**WORK INSTRUCTION:** Exactly reproduce the lines of the listing below from the one containing "Detail of dark" through the one containing "Spacious bedroom with". Skip the images.

**DATA:**
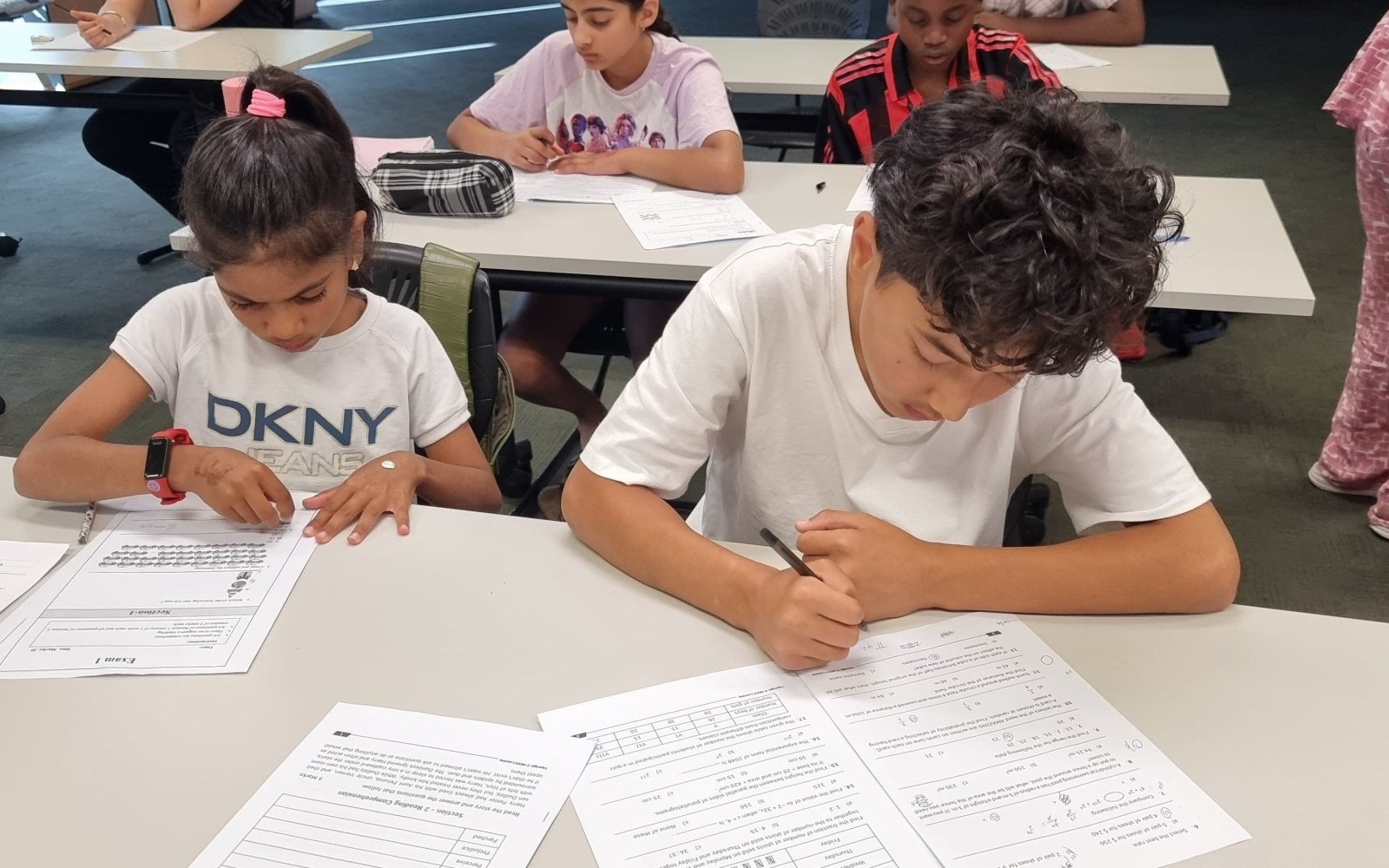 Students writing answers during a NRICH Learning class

---

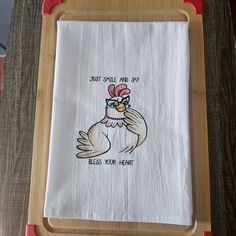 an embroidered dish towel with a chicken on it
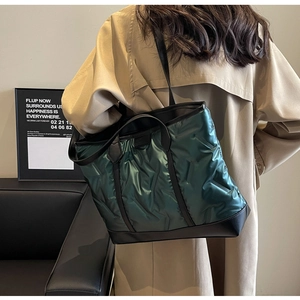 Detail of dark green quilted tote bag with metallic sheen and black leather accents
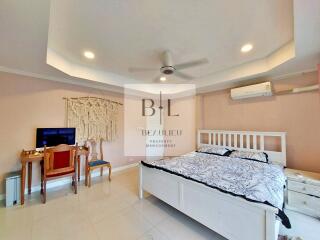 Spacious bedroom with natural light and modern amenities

--

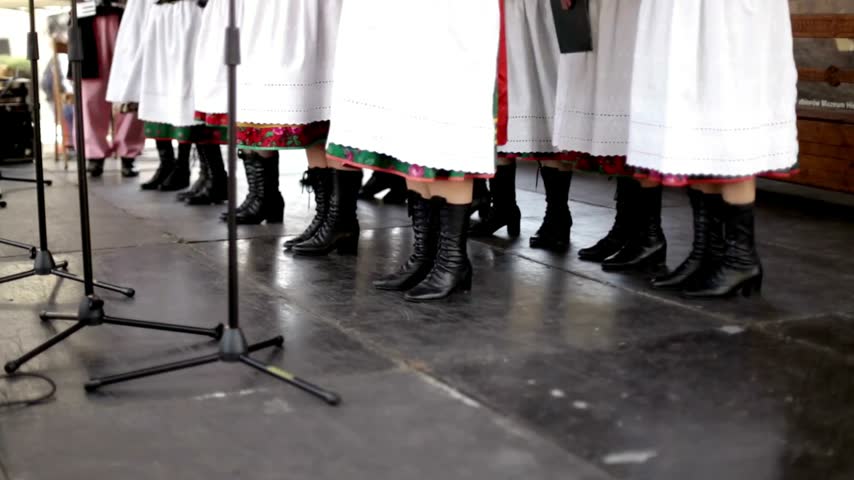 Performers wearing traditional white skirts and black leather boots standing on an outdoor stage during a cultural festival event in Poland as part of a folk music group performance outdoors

**EXERCISE OUTPUT:**
 Detail of dark green quilted tote bag with metallic sheen and black leather accents
 Spacious bedroom with natural light and modern amenities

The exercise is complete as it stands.